Using an absolute and incremental encoder per axis

Jorijs · March 3, 2021, 10:18am

We have not used an STLink yet. Though I’m currently trying to get it up and running. I’m using vscode but when setting breakpoints, it indicates that no source file can be found with the name of in which the breakpoint is set.

Riewert · March 3, 2021, 12:16pm

In VSCode, when you click on Terminal->Run Task, are the options Build and flash - ST-Link available, and have you been able to get them to complete succesfully?

Your life will be a lot easier with debugging properly setup.

Jorijs · March 3, 2021, 1:10pm

Yes they are able to complete successfully.
I’ve been able to run the debugger though added breakpoints in the source files are ignored. Whenever paused, it shows assembly instructions rather than source code. It seems like it’s unable to link the source files. When run using make gdb, the TUI displays assembly instructions and when trying ‘layout src’ displays that there are no source files available.

Riewert · March 3, 2021, 3:31pm

Maybe @Samuel can help you out.

Samuel · March 4, 2021, 9:05am

It sounds like your .elf file doesn’t contain debug info. Can you check if the compile commands include the -g flag? You can put in a deliberate syntax error so that the build system shows an error and dumps the compile command.

You can also check arm-none-eabi-readelf --debug-dump=info build/ODriveFirmware.elf | wc -l.

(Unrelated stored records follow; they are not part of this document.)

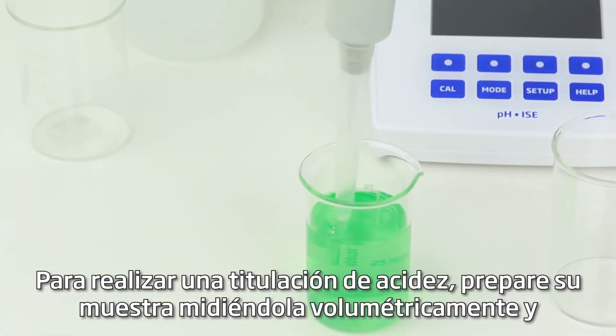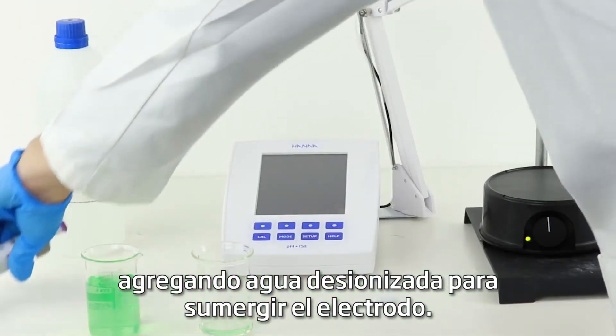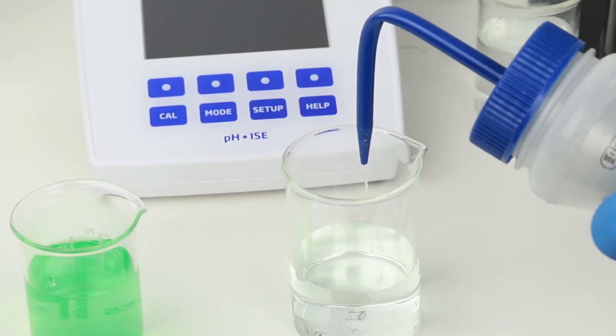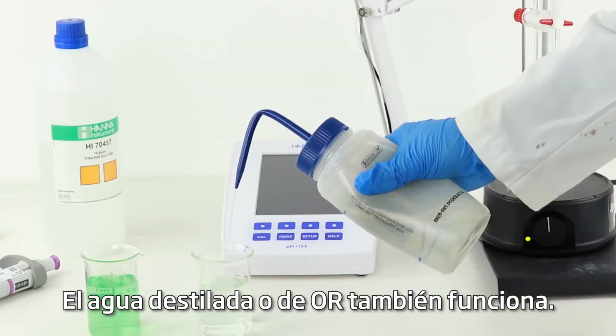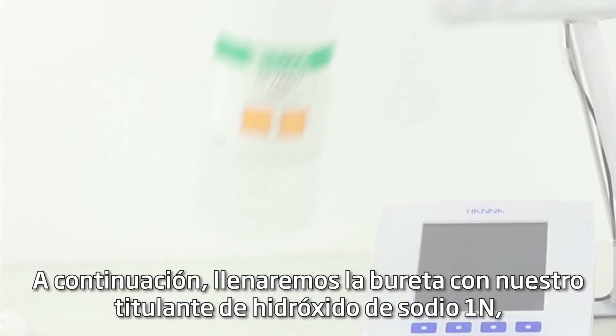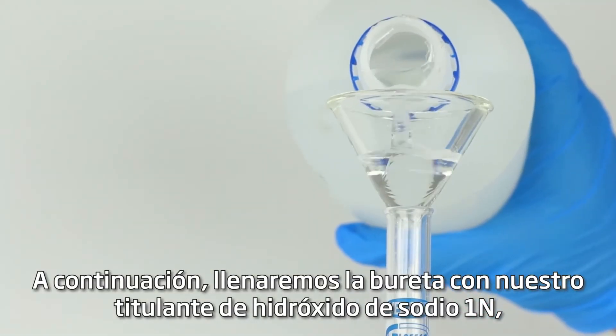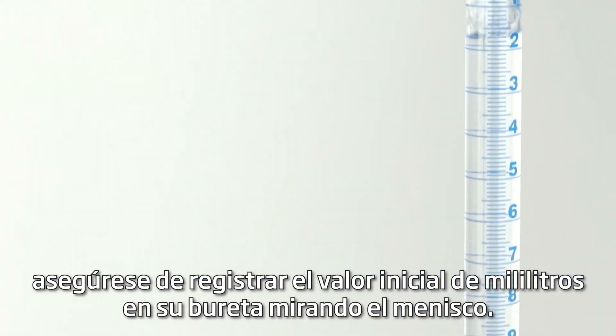To perform an acidity titration, prepare your sample by volumetrically measuring it out and adding deionized water to submerge the electrode. Distilled or RO water works as well. Next, we'll fill a burette with our titrant of one normal sodium hydroxide. Be sure to record the starting milliliter value on your burette by looking at the meniscus.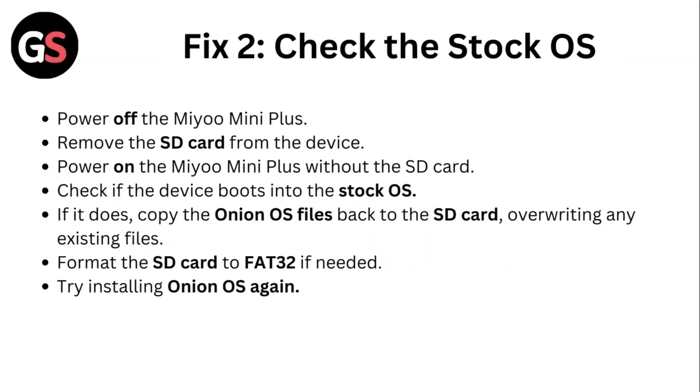Step 2: Check the stock OS. Power off the Mio Mini Plus. Remove the SD card from the device. Now power on the Mio Mini Plus without the SD card. Check if the device boots into the stock OS.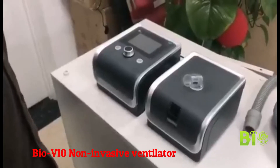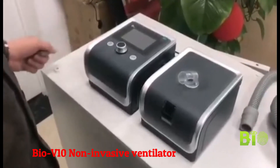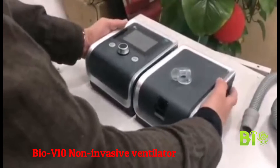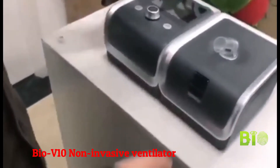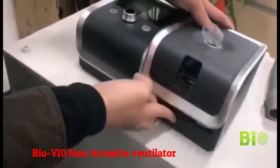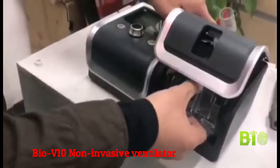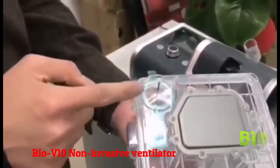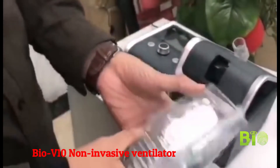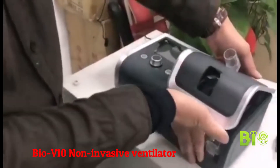In order to use the device, firstly connect the humidifier with the main device. And if you are going to use the humidifier, you can press this button to open the cover and take the water chamber out. You can add water from there. After adding water, put the chamber back into the humidifier.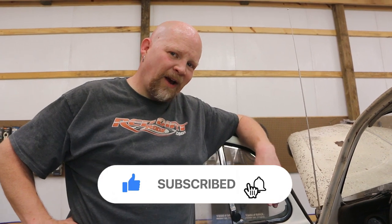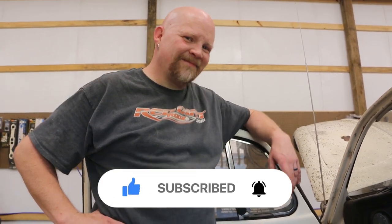Thanks for watching. Make sure you like and subscribe and we'll see you next time. Let's make magic.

If I build with -g I get 1277898 (huge amount if debug info) and without -g I get 1002 (almost no debug info).

Regarding the SPI transfers: currently we start SPI at the beginning of a control loop iteration, then update a few unrelated components and then by the time we get to the encoder’s update() call we expect the SPI transfers to be done. That means there’s not much time for the transfers. If this becomes a problem then maybe you can use the SPI results one control iteration later. That way the SPI transfers can span the whole 125µs iteration.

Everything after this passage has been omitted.